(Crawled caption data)
___
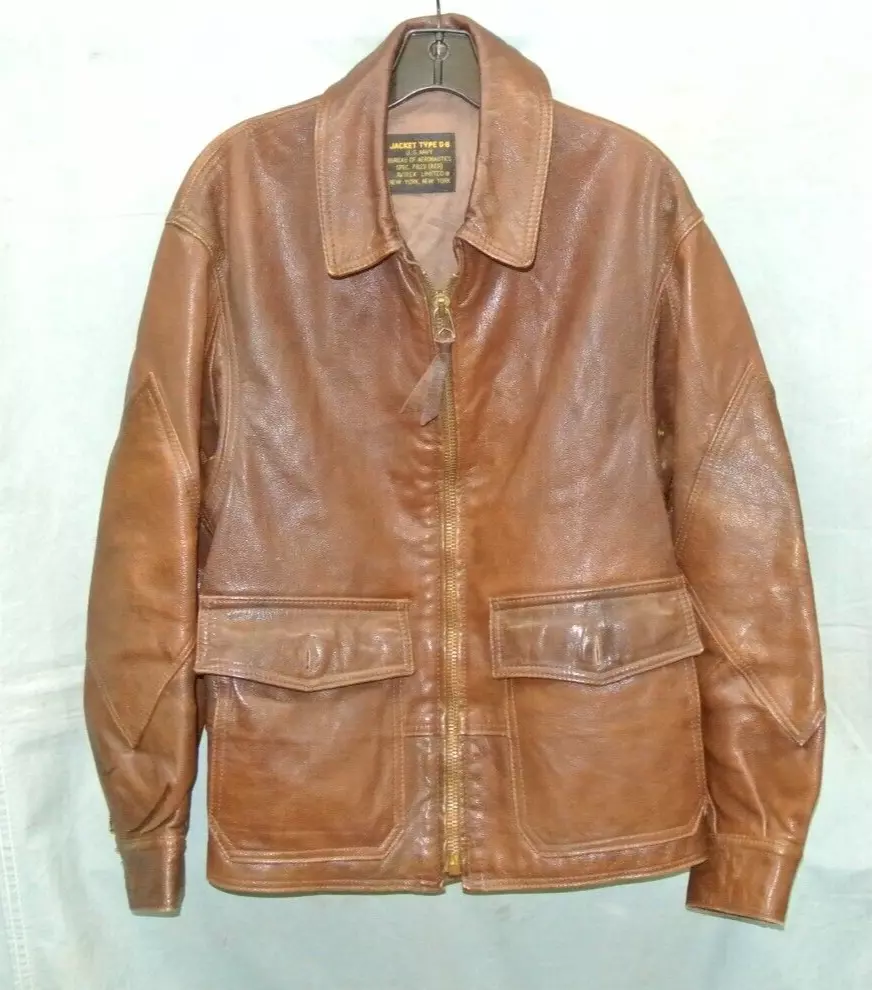 US Navy Avirex G-8 Goatskin Brown Leather Flight Jacket 40R Free Shipping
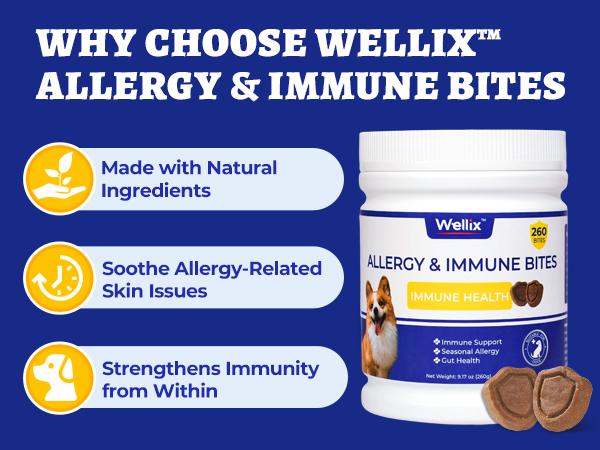 Wellix 260-Count Dog Allergy Relief Chews - Dog Allergy and Itching Skin Relief & Immune Support for Itchy Skin and Itchy Ears, 100% Natural Ingredients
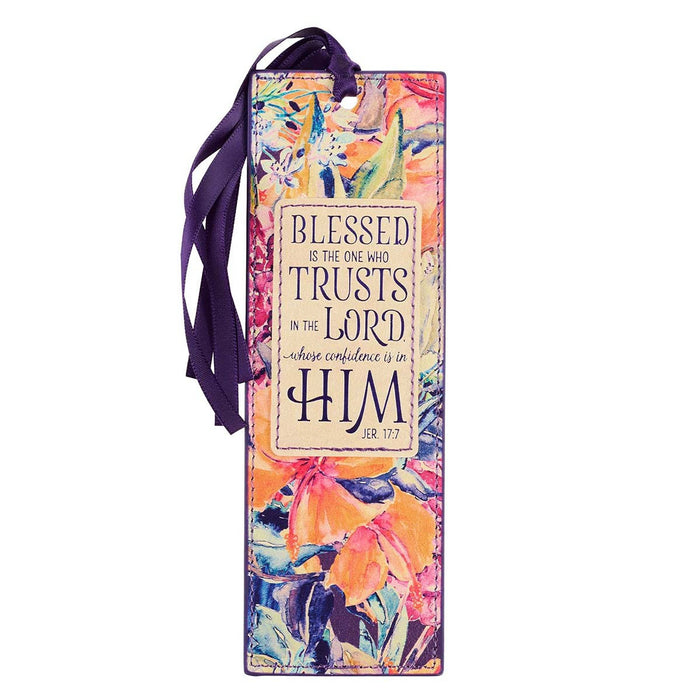 Blessed Is The One Floral Faux Leather Bookmark Jeremiah 17:7 - Morning Star Christian Bookstores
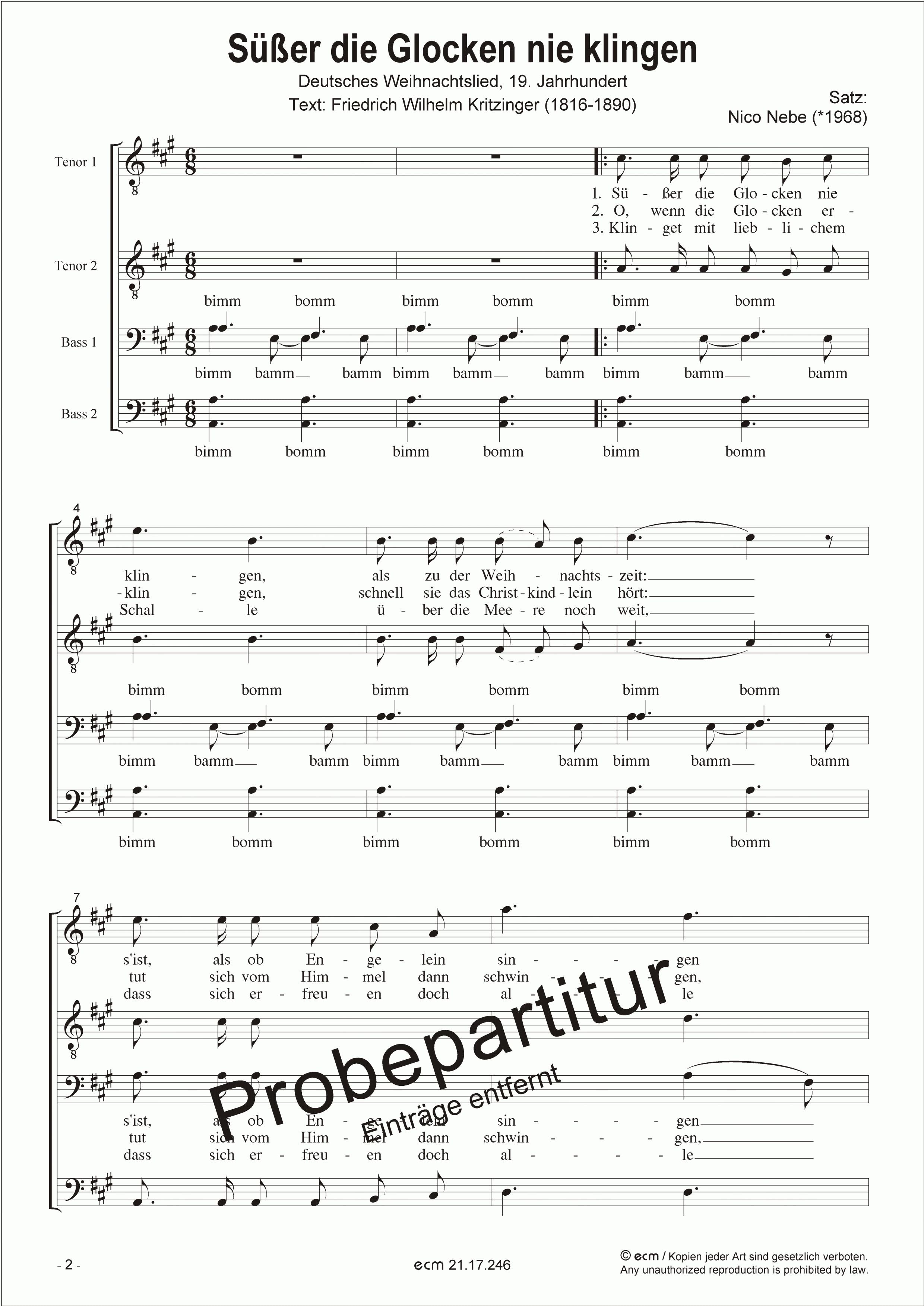 Süßer die Glocken nie klingen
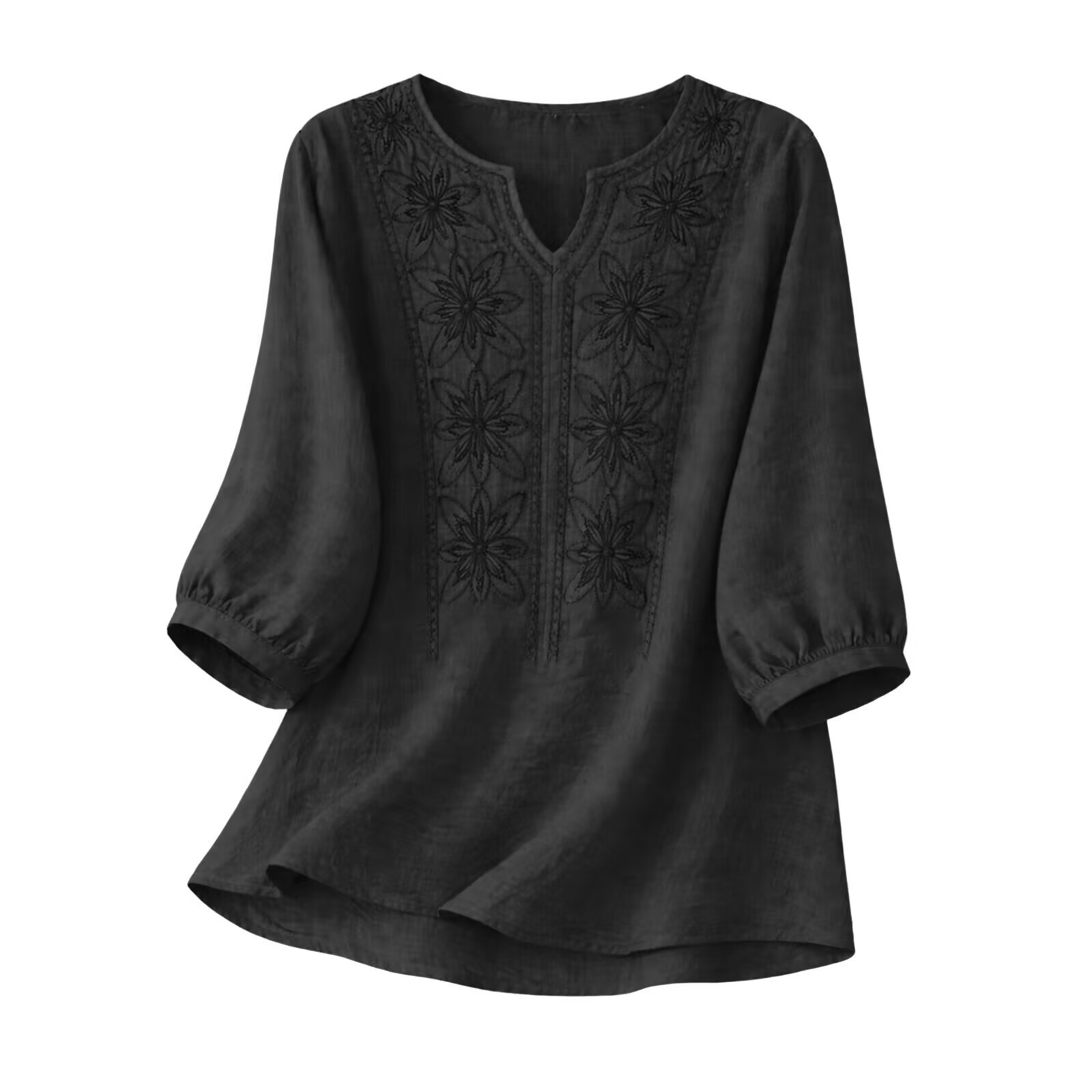 Women's Embroidered Linen Cotton Blouse, V-Neck Sleeve Casual Summer Top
___
> **Try it**
Only the lines from the one containing "Süßer die Glocken nie klingen" through the last line of the entries above should be copied, exactly as they are and without the pictures.

> **Solution below**
 Süßer die Glocken nie klingen
 Women's Embroidered Linen Cotton Blouse, V-Neck Sleeve Casual Summer Top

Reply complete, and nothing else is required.